On the Hunt for Albert Huntt
Albert Huntt was a prolific Richmond architect who designed close to 100 public, private and commercial buildings during his career. He was the great-grandson of Otis Manson, another noted architect responsible for buildings including the Union Hotel, Linden Row, the Westmoreland Club and the Richmond Theatre. Huntt’s early career began in partnership with German-born architect Carl Ruehmond, whose own house on West Grace Street is one of my favorites.

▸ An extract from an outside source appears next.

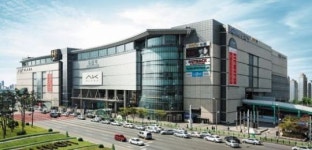 삼성 떼면 큰일날 줄 알았는데…AK플라자 3년 만에 매출 37% 껑충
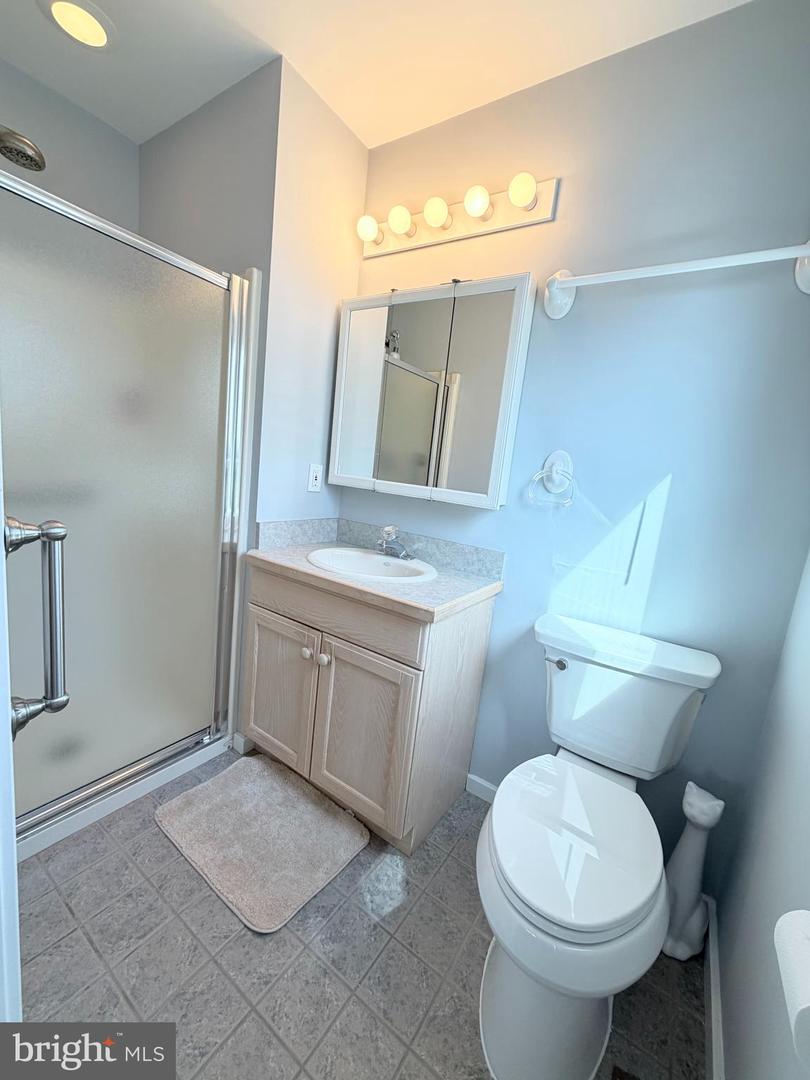 212 N Barnegat Ave Property Photo 21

Huntt is remembered primarily as an ornamentalist, but as Architectural Historian Coleen Rodriguez has noted, he was ‘not a rogue architect grabbing at elements he didn’t understand, but part of the international trend of marrying elements of good design he understood from across the world and through thousands of years.’
Huntt exemplified the late 19th century edict of eclecticism. He borrowed, and then re-worked elements created by the ancients. His work on Monument Avenue, where he designed a total of 12 houses, is where his use of wit and free-form decoration really shined.

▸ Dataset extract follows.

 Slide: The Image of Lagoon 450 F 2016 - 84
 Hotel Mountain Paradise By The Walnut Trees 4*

Do yourself a favor and stroll past the Colonial Revival at 1831 Monument Avenue. With its rusticated portico, fanciful window piercings and whimsical top story, it is an architectural delight. Huntt also designed a handful of houses off Monument Avenue including an English Arts and Crafts house at 1814 Grove Avenue, the row at 2114-2126 Hanover Avenue and a double house at 101-103 Rowland Avenue.
One of his early works is a house I know well, as I lived two houses away for ten years. The house was made modern in the most loving ways by its current occupants, my dear friends the Hawley-Hayes family, about 13 years ago. When Huntt designed this grand home, he paid particular attention to the side of the house facing Park Avenue. Colonial Revival in its massing, with restrained whimsy and folly on all sides. It’s a beauty and you should take a walk to go see it. (Also, Ms. Hawley has the BEST holiday decorations you won’t want to miss!)
Albert Huntt’s artful use of neoclassical styles in new and sophisticated ways garnered him great respect and helped him earn numerous architectural commissions. He helped shape the neighborhood, and the landscape of Monument Avenue in particular, where we all have the fortune of enjoying his enduring legacy.